On the one hand, the 1978 Star Wars Holiday Special was so bad it was never broadcast again, and everyone from George Lucas to Luke Skywalker himself, Mark Hamill, have suggested it was the worst project to ever come out of the Star Wars franchise. On the other hand, the much-maligned special featured the debut of bounty hunter Boba Fett, and without Boba Fett, there’s no The Mandalorian (and without him, there’s no Baby Yoda).
Fortunately, The Lego Star Wars Holiday Special is a lot less complicated emotionally — and a lot easier to love.
Premiering November 17 on Disney’s streaming service, Disney+, The Lego Star Wars Holiday Special is an animated feature set after the events of Star Wars: The Rise of Skywalker that has Rey, Finn, and the rest of the sequel trilogy’s main characters preparing to celebrate Life Day, the annual Christmas-like holiday observed by Chewbacca and his fellow Wookiees that was first introduced in the 1978 special. As her friends organize a Life Day party, Rey sets out to learn more about Jedi mentors of the past, and soon finds herself on a timeline-hopping journey through the Star Wars franchise.
The Lego Star Wars Holiday Special brings back a host of Star Wars cast members from all three trilogies of films to voice their Lego counterparts, and the film — which clocks in at a compact 45 minutes — offers a surprisingly entertaining story for both young and old fans alike. In many ways, it’s exactly the sort of silly adventure soaked in Star Wars nostalgia that we could all use right now.
Directed by Ken Cunningham (Lego Jurassic World: Legend of Isla Nublar) from a script penned by Ninjago and Lego Jurassic World writer David Shayne, The Lego Star Wars Holiday Special channels much of what has made Lego’s parody projects so successful, from feature-length films like The Lego Batman Movie to a multitude of Lego-based video game franchises. And at a time when Star Wars fandom has been plagued by toxic fans and far-too-serious debates about whether Baby Yoda’s recent actions qualify as genocide, the canon-twisting irreverence of The Lego Star Wars Holiday Special feels particularly necessary.

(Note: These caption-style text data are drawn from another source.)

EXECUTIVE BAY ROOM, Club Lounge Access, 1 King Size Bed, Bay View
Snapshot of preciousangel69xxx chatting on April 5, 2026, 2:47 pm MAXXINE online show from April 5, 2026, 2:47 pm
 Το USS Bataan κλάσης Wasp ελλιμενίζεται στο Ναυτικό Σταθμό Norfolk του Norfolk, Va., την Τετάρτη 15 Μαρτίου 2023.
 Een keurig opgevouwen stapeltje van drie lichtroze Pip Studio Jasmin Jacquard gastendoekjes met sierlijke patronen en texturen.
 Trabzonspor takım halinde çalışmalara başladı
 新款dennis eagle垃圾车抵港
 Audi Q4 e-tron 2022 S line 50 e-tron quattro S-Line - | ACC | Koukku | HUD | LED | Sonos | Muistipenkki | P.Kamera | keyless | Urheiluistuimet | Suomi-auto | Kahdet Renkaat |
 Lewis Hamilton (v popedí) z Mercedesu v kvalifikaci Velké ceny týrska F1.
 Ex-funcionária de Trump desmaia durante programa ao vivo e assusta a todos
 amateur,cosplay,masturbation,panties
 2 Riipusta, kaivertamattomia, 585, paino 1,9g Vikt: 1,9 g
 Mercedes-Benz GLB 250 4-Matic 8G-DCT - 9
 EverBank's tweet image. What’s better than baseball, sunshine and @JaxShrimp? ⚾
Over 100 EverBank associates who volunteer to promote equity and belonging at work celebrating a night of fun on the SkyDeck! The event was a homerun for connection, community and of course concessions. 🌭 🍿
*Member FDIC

Without venturing into spoiler territory, the plot of The Lego Star Wars Holiday Special has Rey (voiced by veteran Star Wars voice actress Helen Sadler rather than the sequel trilogy’s Daisy Ridley) seek out knowledge of how Jedi masters trained their students in the past in order to better her own training of Finn in the ways of The Force. Her quest sends her on a journey through some of the key moments in the franchise’s timeline, from Qui-Gon Jinn’s lessons taught to Obi-Wan Kenobi in the prequel trilogy to Kylo Ren’s own harsh tutelage under Supreme Leader Snoke in the sequel films. Her journey culminates in a series of encounters that bring characters from the entire Skywalker saga together, often including multiple versions of the same character from various points in his or her timeline.
And because it’s a holiday special, all of this happens while Finn, Poe Dameron, Rose Tico, Chewbacca, and various other characters experience their own misadventures in an attempt to host the perfect Life Day, with everyone ultimately learning a valuable lesson about the true meaning of the holiday by the end of the tale.
While that heartwarming message is all well and good — and shared by countless other holiday specials — Star Wars fans would do well to take another important lesson from the film: That it’s OK to not take Star Wars too seriously.
At various points in The Lego Star Wars Holiday Special, the film pokes fun at various ongoing debates in Star Wars fandom, from the question of who shot first in the Mos Eisley cantina to the Empire’s decision to build a second Death Star (and the First Order’s decision to repeat that mistake). The Lego Star Wars Holiday Special is at its best when it’s making fun of Kylo Ren’s affinity for going shirtless, Luke Skywalker’s taste for blue milk, or countless other moments that Star Wars fans often spend more time arguing over than laughing about, and offers a great reminder that doing the latter is a lot more fun.
Along with packing in plenty of silliness at its own expense, The Lego Star Wars Holiday Special also wraps it all up in a satisfying homage to the past with original franchise actors Billy Dee Williams and Anthony Daniels joining some of the more recent cast members (such as Kelly Marie Tran and Matt Lanter, who voiced Anakin Skywalker throughout the Star Wars: The Clone Wars animated series) in reprising their roles. That’s a gift that keeps on giving, as the special features a cornucopia of clever nods to the highs and lows of the franchise and its memorable moments that rewards repeat viewing.
Disney might not ever be able to erase the 1978 holiday special from the memories of longtime fans, but after watching The Lego Star Wars Holiday Special, it’s easy to feel a little better about the place these silly adventures hold in the Star Wars universe. Instead of giving fans another opportunity to argue about Star Wars, The Lego Star Wars Holiday Special gives us a reason to share a laugh about it — and that’s the kind of gift we could all use right now.
Available only on Disney+, The Lego Star Wars Holiday Special premieres Tuesday, November 17.